Williamsburg was something completely different than it is now. There were DIY art gallery spaces and way more venues. Just that alone has changed. Monster Island is no longer. I think with 285 Kent, that's when I started to feel a little bit old—like 285 Kent and the DIIV crowd. Not that that’s a bad thing, but I just remember being at those shows and feeling old—and I think DIIV are actually older than me. That’s when I started to be like, “Ok, this has changed.”
It was a really awesome time when I first moved here. All those bands like Matt & Kim and Japanther [were coming up]. It was just a super cool place where DIY was really a thing, and that was amazing. I feel really lucky to have caught the last leg of that. It’s just that all the bands that I know and have been a part of have all started out on a very small platform and then have gone on to grow. Like, I remember when friends’ bands were first playing Music Hall of Williamsburg, and I was like, “Oh my god, I can’t believe I know someone playing there!” I moved along with the times, and the times have brought different things. And now I know there are new young people who are just moving to New York and are in touch with some DIY thing I don’t even know about.

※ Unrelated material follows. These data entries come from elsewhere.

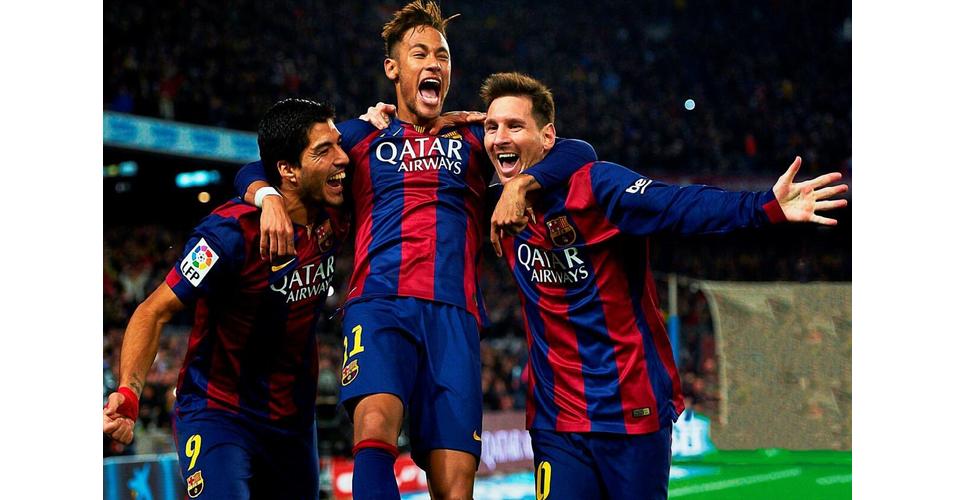 msn-fc-barcelona-geroga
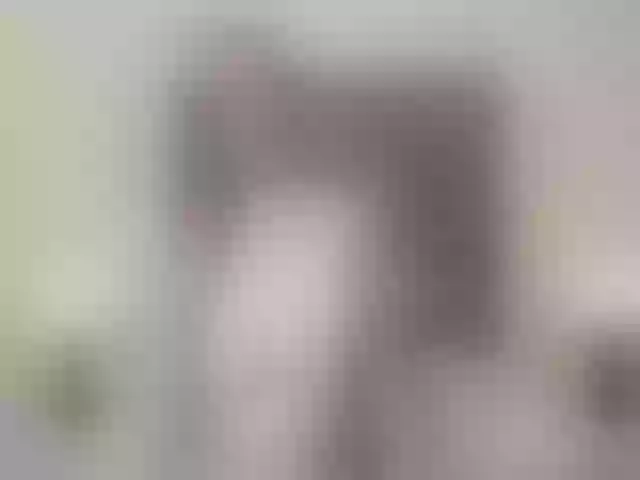 Live sex webcam photo for Rachel_summer #263658673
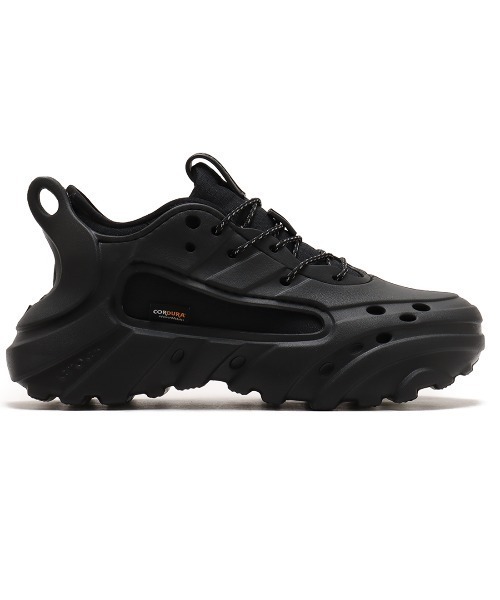 サンダル crocs Nova Trek Cordura / クロックス ノバ トレック メンズ レディース | crocs | 03
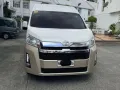HOT!!! 2020 Toyota Hiace Grandia Tourer for sale at affordable price! -0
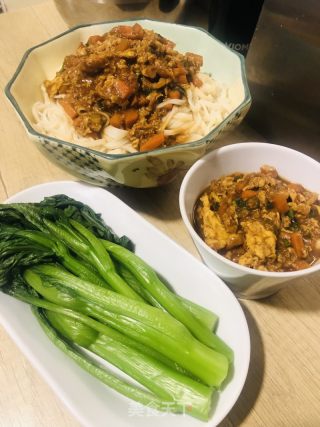 鸡蛋酱的做法步骤：19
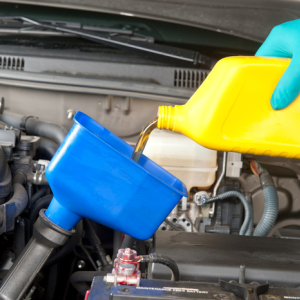 Car Repair near Chicago - CarWise Gurnee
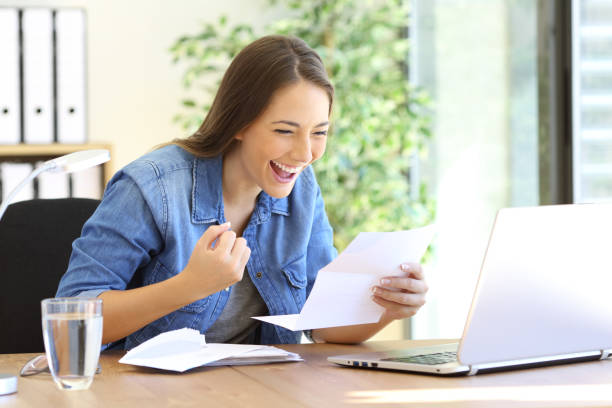 Best Secured Loans  in West Jefferson, NC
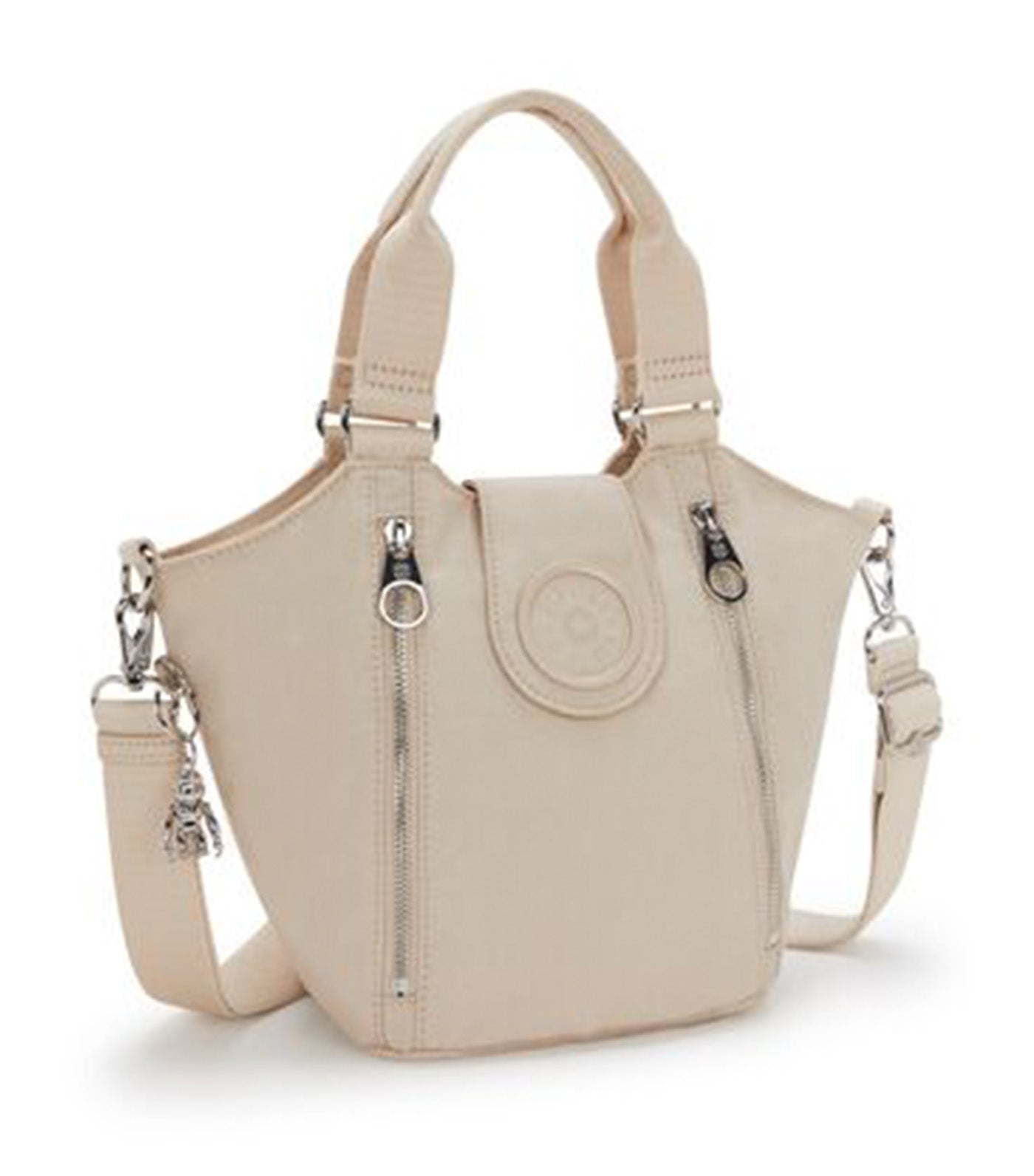 Recicely S Crossbody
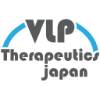 Vlp Therapeutics, LLC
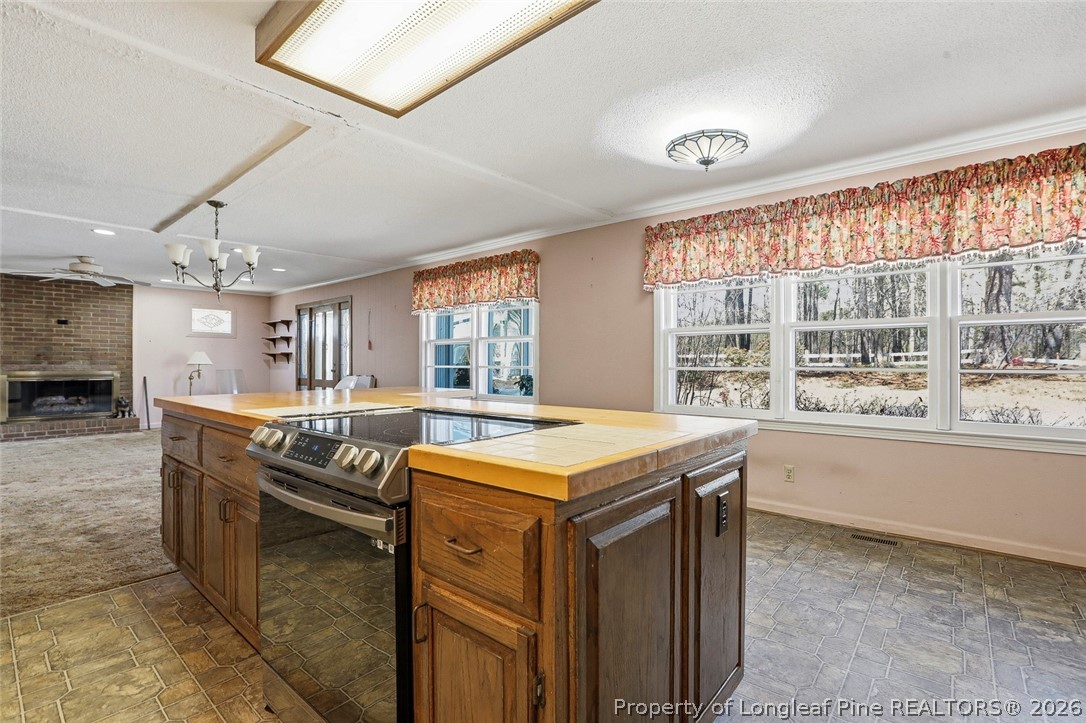 2902 Tramway Road Sanford, NC 27332 - Photo 22 of 47 Gallery Image 22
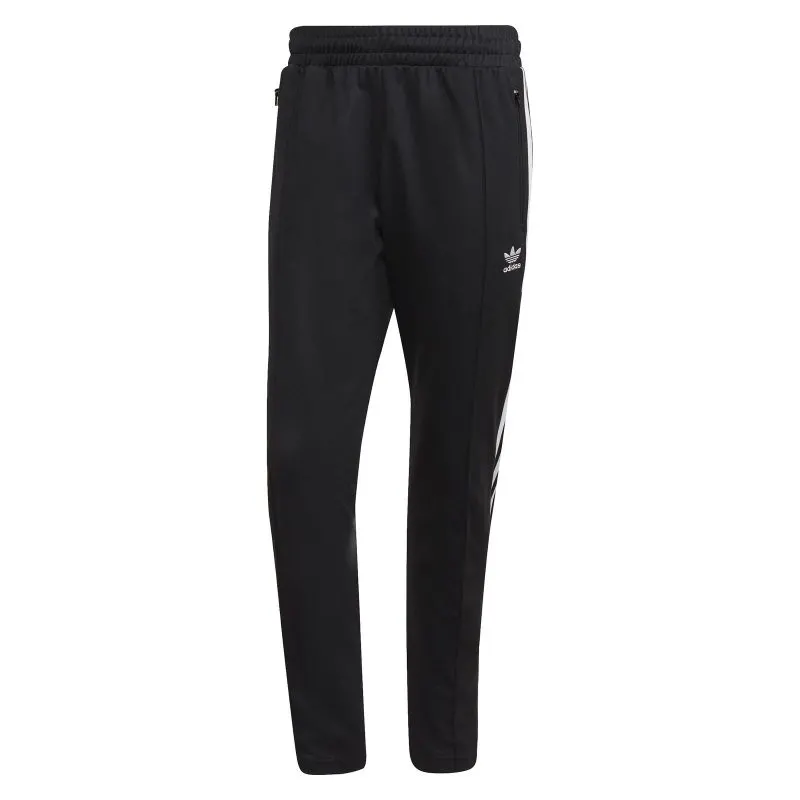 Pantaloni trening ADIDAS pentru barbati BECKENBAUER TP - H09115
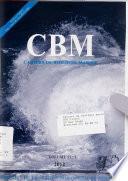 CBM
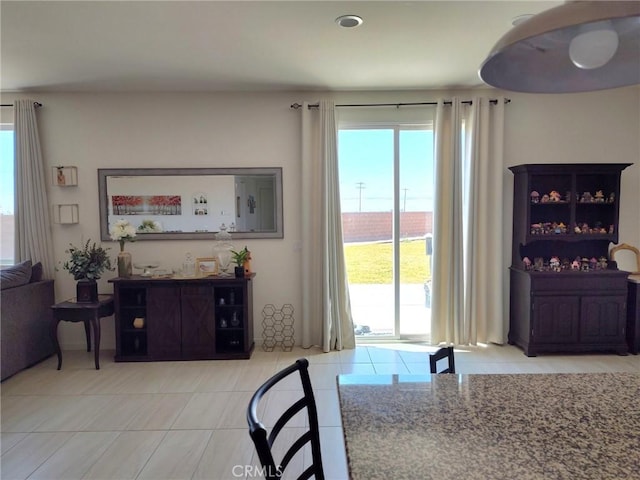 45133 44th St W, Lancaster, CA 93536 - photo 19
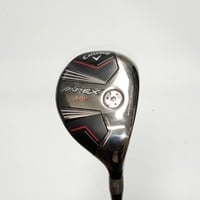 超美品 APEX UW 17度 テンセイ70S APEX UW (2023) 17 17° S TENSEI 70 for Callaway｜Alpen Online 公式
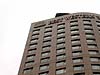 Best Western Mayflowers Hotel Wuhan, Wuhan, China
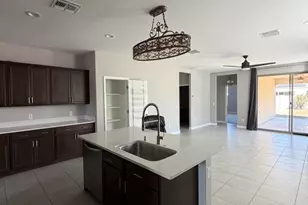 658 W Belmont Red Trail, San Tan Valley, AZ 85143 - Photo 7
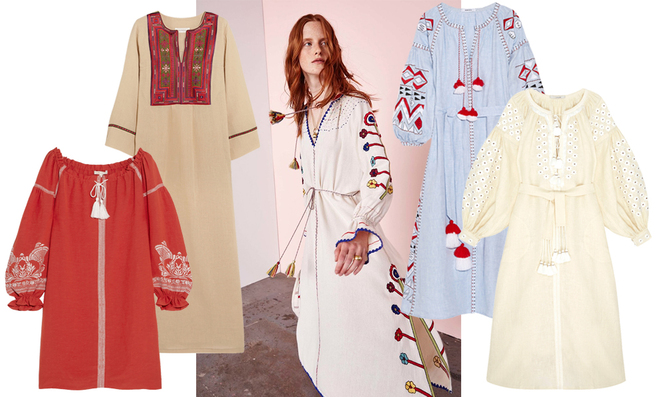 ��������� � ������ ������� ������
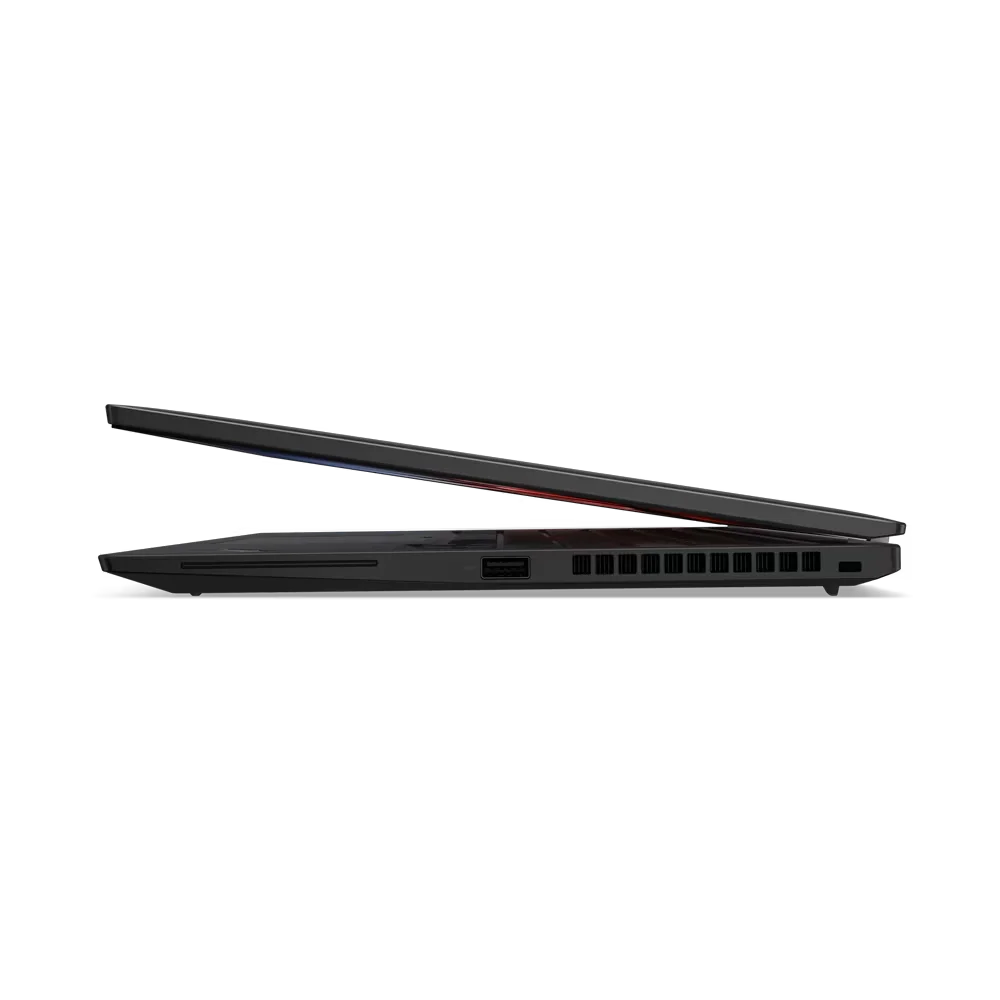 Ноутбук Lenovo ThinkPad T14s Gen 4 21F6005KRT 14" Deep Black купить,NaN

Were you aware of the DIY scene that was happening in New York when you first got here, or did you just happen to fall into it?
I kinda knew it was happening, but not really, just because there were bands I wouldn’t have known about in Kansas City. I remember going to one of those Todd P Roosevelt Island shows. It’s such a funny day to think about: it was my third day in New York, I had no idea where I was, but I was like, “This is amazing.” Woods played—there’s a picture of me sitting there watching them, and I remember thinking, “This band is cool.” This girl came up and she was like, “I’m in this band we just started. It’s called Matt & Kim.” I met Todd that day too. I knew this was all something super special.
When Woods was starting to gain wider attention around Songs of Shame and you guys were playing with a lot of friends’ bands like Real Estate, did you consider yourself part of a scene?
Oh, 100 percent, for sure. It was super cool to be a part of that, or to have been a part of that. When it was happening, I remember constantly thinking how I grew up idolizing the K Records scene and late-70s punk in L.A. and New York, and I [couldn’t believe] that I was part of a scene. I thought it was cool that we were all such good friends, but the bands were all different. We’d all go on tour and people just couldn’t believe that we lived in Brooklyn—like, the coolest place.
Even with [frontman] Jeremy being upstate, Woods still tends to be referred to as a Brooklyn band, and The Babies always get the Brooklyn label. If it stays that way, even with you on the West Coast, will that bother you?
That’s totally fine. I like being in New York City bands. I hope people don’t call my solo thing “L.A. songwriter Kevin Morby…” I don’t want to be that. L.A. to me is a weird middle ground. I’m not obsessed with it; I don’t love it. But I like it a lot. It’s like moving back to the suburbs, but not in your lame town. I can have a house and the weather’s nice. I can go on hikes and go to the ocean. It’s like what you wanted your childhood to be.
What’s funny is, coming from the Midwest, when you tell people you’re moving to New York, they think you’re selling your soul or something. But in New York, the only place people get mad at if you move to is L.A. People are like, “Oh, you’re giving up!” But people have the misconception that I’m moving to L.A. and am doing cocaine in a dollar sign-shaped hot tub. But I’m just hanging with good people. New York is my favorite city in the world. We’re in a relationship, and we just need a little break.